##  Medallion Architecture (Multi-hop)


- Medallion Architecture is a **layered approach** for building reliable, scalable data lakes:

| Layer                 | Description                                                          | Data Quality           | Purpose                                                        |
| --------------------- | -------------------------------------------------------------------- | ---------------------- | -------------------------------------------------------------- |
| **Bronze** (Raw)      | Raw ingestion from source systems (e.g., logs, events, files)        | Raw data, may be dirty | Capture original data for audit and backup                     |
| **Silver** (Cleansed) | Cleaned and filtered data, duplicates removed, basic transformations | Cleaned, enriched      | Enable business logic, filtering, and filtering of bad records |
| **Gold** (Aggregated) | Aggregated, business-level data ready for analytics and BI           | Curated, optimized     | Power dashboards, ML, and reporting                            |

- **Multi-hop** refers to data pipelines where data flows through multiple stages or tables before reaching the final presentation layer.
- Data flows through these layers progressively, increasing in quality and usability.



In [0]:
from pyspark.sql.functions import *
from pyspark.sql.types import *

orders_bronze = spark.table("workspace.`2235-wk3`.orders_bronze")

orders_bronze.show()


#### Silver Layer (Parse and Flatten)

- Parse the JSON string column order_details with from_json() and a defined schema
- Explode the nested array products so each product is one row
- Flatten nested structs like delivery address and payment info
- Cast columns to proper types (int, float, date, etc.)
- Save as Delta table `orders_silver`

In [0]:
# define the json schema

product_schema = ArrayType(StructType([
    StructField("product_id", StringType(), True),
    StructField("category", StringType(), True),
    StructField("price", DoubleType(), True)

]))

delivery_schema = StructType([
    StructField("method", StringType(), True),
    StructField("address", StructType([
        StructField("street", StringType(), True),
        StructField("city", StringType(), True),
        StructField("zip", StringType(), True)
                                        ]), True)
])

payment_schema = StructType([
    StructField("method", StringType(), True),
    StructField("installments", IntegerType(), True)
])

order_details_schema = StructType([
    StructField("products", product_schema, True),
    StructField("delivery", delivery_schema, True),
    StructField("payment", payment_schema, True)
])




In [0]:
orders_silver = orders_bronze.withColumn(
    "orders_details_json",
    from_json(col("order_details"), order_details_schema)
)
orders_silver.display()

In [0]:
# explode product array

exploded_df = orders_silver.select(
    "order_id",
    "customer_id",
    col("order_date").cast("timestamp"),
    col("total_amount").cast("double"),
    explode(col("orders_details_json.products")).alias("product"),
    col("orders_details_json.delivery.method").alias("delivery_method"),
    col("orders_details_json.delivery.address.street").alias("delivery_street"),
    col("orders_details_json.delivery.address.city").alias("delivery_city"),
    col("orders_details_json.delivery.address.zip").alias("delivery_zip"),
    col("orders_details_json.payment.method").alias("payment_method"),
    col("orders_details_json.payment.installments").alias("payment_installments")
)


# flaten product struct

orders_silver = exploded_df.select(
    "order_id",
    "customer_id",
    "order_date",
    "total_amount",
    col("product.product_id").alias("product_id"),
    col("product.category").alias("product_category"),
    col("product.price").alias("product_price"),
    "delivery_method",
    "delivery_street",
    "delivery_city",
    "delivery_zip",
    "payment_method",
    "payment_installments"
)

# orders_silver.show(4)

orders_silver.write.format("delta").mode("overwrite").saveAsTable("workspace.`2235-wk3`.orders_silver")

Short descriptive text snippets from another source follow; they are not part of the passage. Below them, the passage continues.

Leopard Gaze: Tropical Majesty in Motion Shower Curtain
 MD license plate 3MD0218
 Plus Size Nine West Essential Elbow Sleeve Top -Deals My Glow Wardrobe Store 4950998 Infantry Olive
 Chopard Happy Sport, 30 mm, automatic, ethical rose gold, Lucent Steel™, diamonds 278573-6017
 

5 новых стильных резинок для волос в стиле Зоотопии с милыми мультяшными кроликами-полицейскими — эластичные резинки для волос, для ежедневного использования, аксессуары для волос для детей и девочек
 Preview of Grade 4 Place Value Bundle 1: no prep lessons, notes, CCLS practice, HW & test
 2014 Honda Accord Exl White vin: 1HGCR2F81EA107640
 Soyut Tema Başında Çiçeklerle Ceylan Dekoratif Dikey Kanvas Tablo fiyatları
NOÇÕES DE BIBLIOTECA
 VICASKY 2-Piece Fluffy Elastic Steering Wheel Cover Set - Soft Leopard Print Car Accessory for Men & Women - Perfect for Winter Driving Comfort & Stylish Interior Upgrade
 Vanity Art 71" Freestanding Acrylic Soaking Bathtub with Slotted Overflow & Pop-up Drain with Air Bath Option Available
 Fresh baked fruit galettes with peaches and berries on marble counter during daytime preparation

#### Gold Layer (Business Aggregations)

- Aggregate to get metrics like total sales and order count per product category & payment method
- Save as Gold Delta table

In [0]:
silver_df = spark.table("workspace.`2235-wk3`.orders_silver")

orders_gold = silver_df.groupBy("product_category", "payment_method") \
        .agg(
            {
                "total_amount": "sum",
                "order_id": "count"
            }
        ) \
            .withColumnRenamed("sum(total_amount)", "total_sales") \
                .withColumnRenamed("count(order_id)", "order_count") \
                    .orderBy(col("total_sales").desc())

orders_gold.display()

orders_gold.write.format("delta").mode("overwrite").saveAsTable("workspace.`2235-wk3`.orders_gold")